Iñigo Barreira from IZENPE made an ETSI Presentation. Initially he explained the current situation of ETSI deliverables. And then he gave information about the ETSI deliverables to be published in 2015. According to this deliverables to be published as TS in June 2105 and starting the procedure to became EN in 2016

  • 319 401 General Policy Requirements for Trust Service Providers

EN 319 411 Policy and security requirements for Trust Service Providers issuing certificates

  • 319 411-1: General requirements
  • 319 411-2: Requirements for trust service providers issuing EU qualified certificates

EN 319 412 Certificate Profiles

  • 319 412-1: Overview and common data structures
  • 319 412-2: Certificate profile for certificates issued to natural persons
  • 319 412-3: Certificate profile for certificates issued to legal persons
  • 319 412-4: Certificate profile for web site certificates issued to organizations
  • 319 412-5: QC Statements
  • 319 421 Policy and Security Requirements for Trust Service Providers issuing Electronic Time-Stamps
  • 319 422 Time-stamping protocol and electronic time-stamp profiles

319 411-1 and 319 411-2 are the general requirements according to EIDAS regulations. 319 412-4 and 319 412-5 are the most important parts for CAB Forum and CAs should follow these two standards. Iñigo stated that the implementing dates of these standards have not been decided yet. During this presentation Iñigo also informed participants about the eIDAS Audit Requirement. The most significant requirement is Article 20.1 as follows;

“Qualified trust service providers shall be audited at their own expense at least every 24 months by a conformity assessment body. The purpose of the audit shall be to confirm that the qualified trust service providers and the qualified trust services provided by them fulfill the requirements laid down in this Regulation. The qualified trust service providers shall submit the resulting conformity assessment report to the supervisory body within the period of three working days after receiving it.”

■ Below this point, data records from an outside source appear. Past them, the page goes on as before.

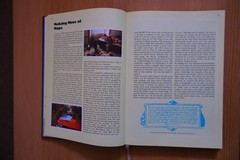 Bartholomew Road Atlas Britain New Edition Revised 1984 Leather cover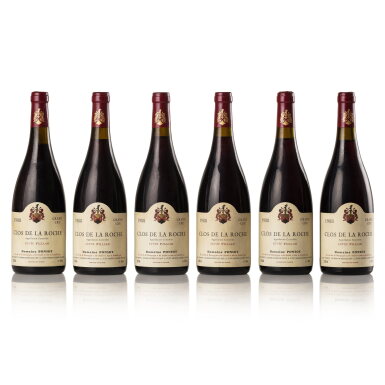 View full screen - View 1 of Lot 305. Clos de la Roche, Cuvée William 1988 Domaine Ponsot (12 BT).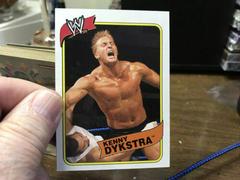 Kenny Dykstra Wrestling Cards 2007 Topps Heritage III WWE Prices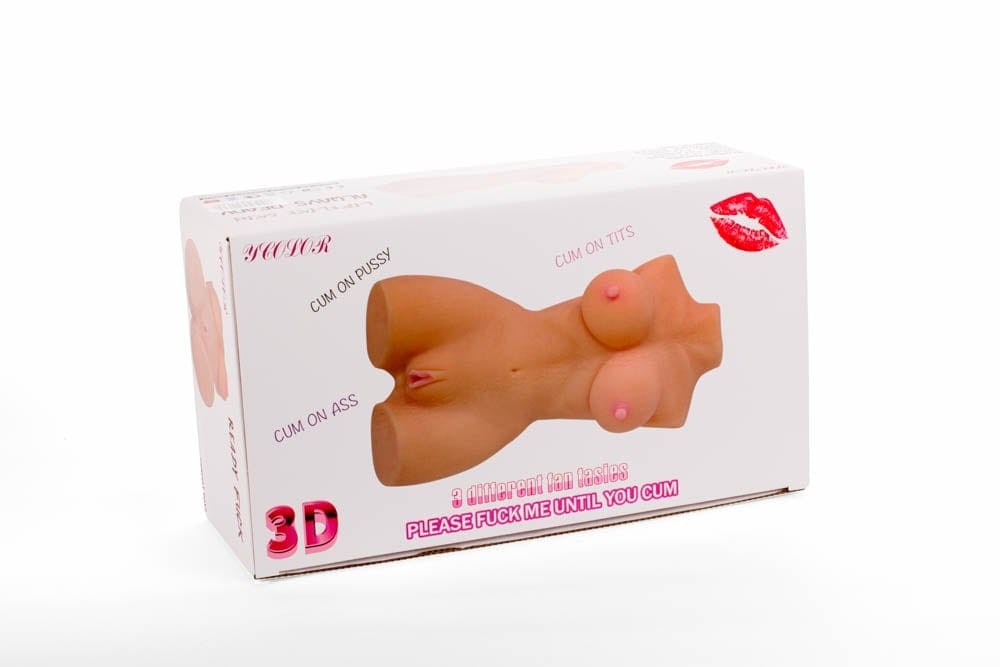 Double Hole 3D Masturbator VI | ViPstore.hu - Erotika webáruház #2 - EAN 5999560511369 | SKU MSTRS00066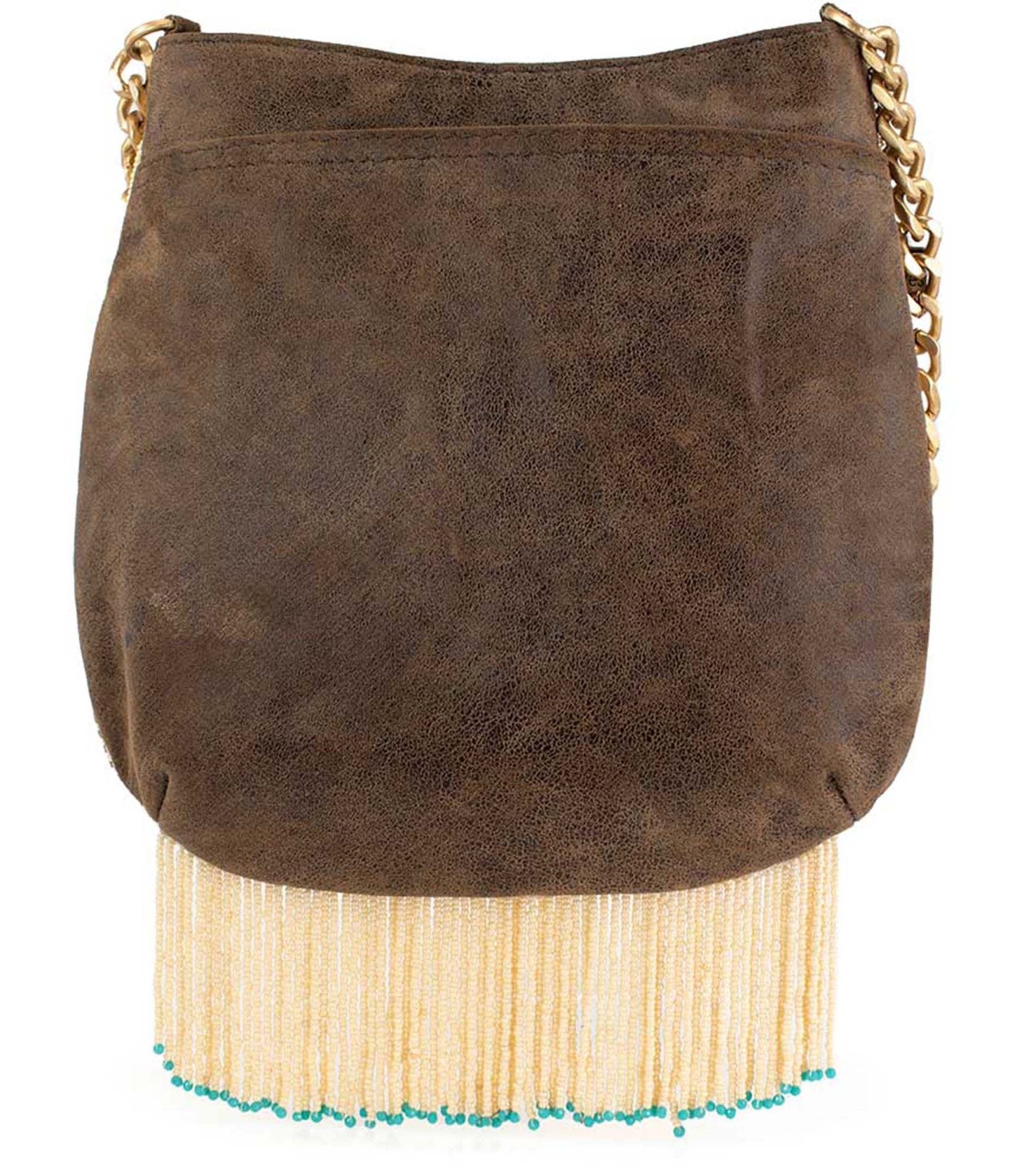 Mary Frances Line Dance Crossbody Handbag - Stylish Leather Purse for Women | Perfect for Parties, Concerts & Night Out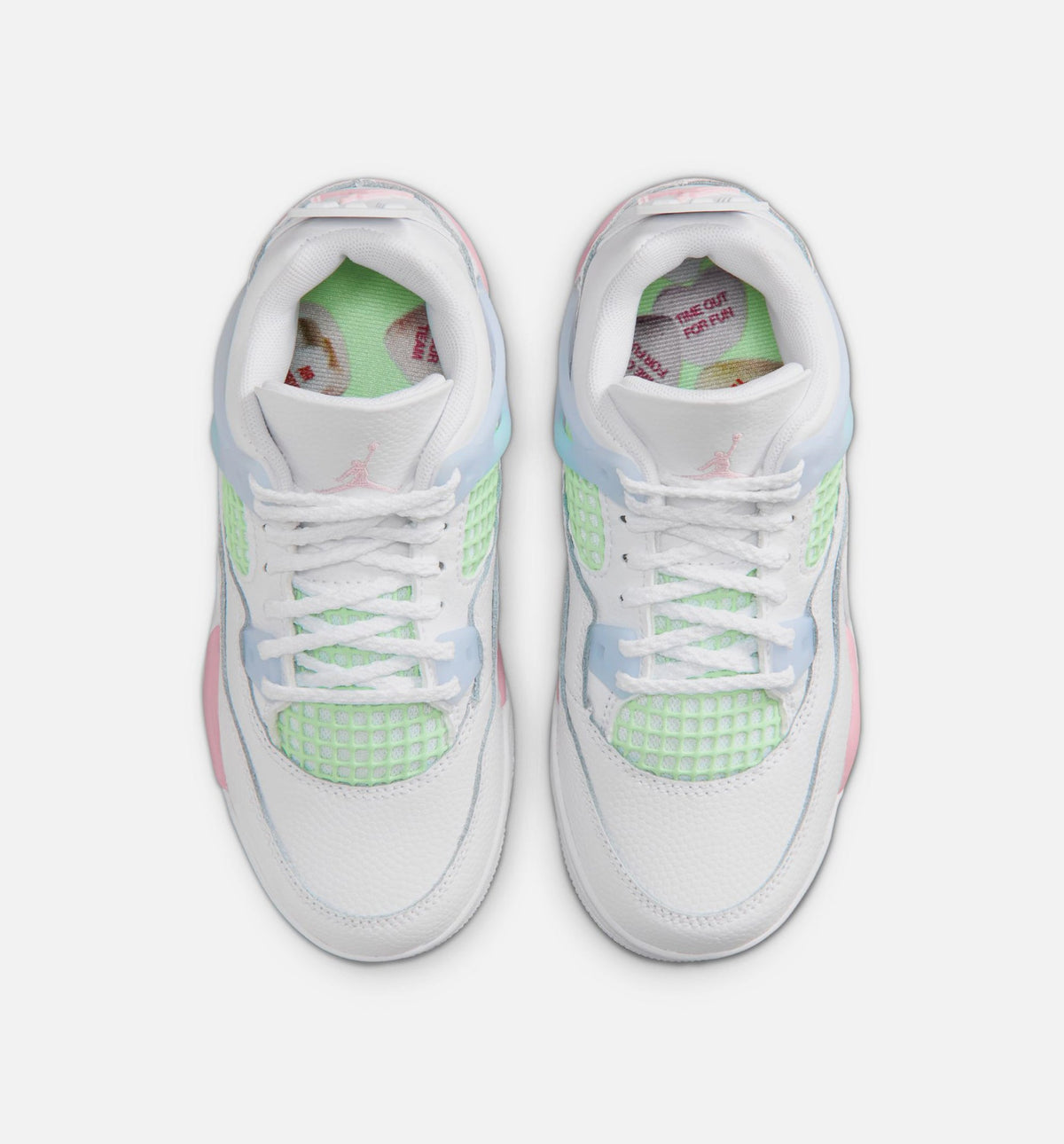 Air Jordan 4 Retro Medium Soft Pink Preschool Lifestyle Shoe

ETSI audits will be carried out only by auditing bodies accredited in accordance with Annex E of TS 102 042.

Jody Cloutier from Microsoft asked how does a browser know if an auditor is qualified or not. Iñigo stated that any auditor who is able to perform ISO 27001 audits can also perform ETSI audits and the accreditation can be checked from a website of the ETSI so an organization should understand that if the auditor is qualified to perform such audits and added that Microsoft Agreement’s clause about qualified auditors is correct from this angle. Browsers can also check if a specific auditor is able to perform audit. Currently three auditing bodies (KPMG, TUV-IT and LSTI) are accredited.

Bylaw Updates

Discussion around Kirk’s proposed ballot 149 took place. A note taker was not assigned for this segment but in summary, members felt that additional requirements around browser root programs were not warranted so Kirk agreed to modify the language to specify the proper name of the WebTrust audit and submit to the forum.

Domain Validation

Robin: there are different ways to control issuance of certificates sufficient that we can issue a certificate for it.

Robin: The aim of the game is to get rid of the catch-all provision for domain validation.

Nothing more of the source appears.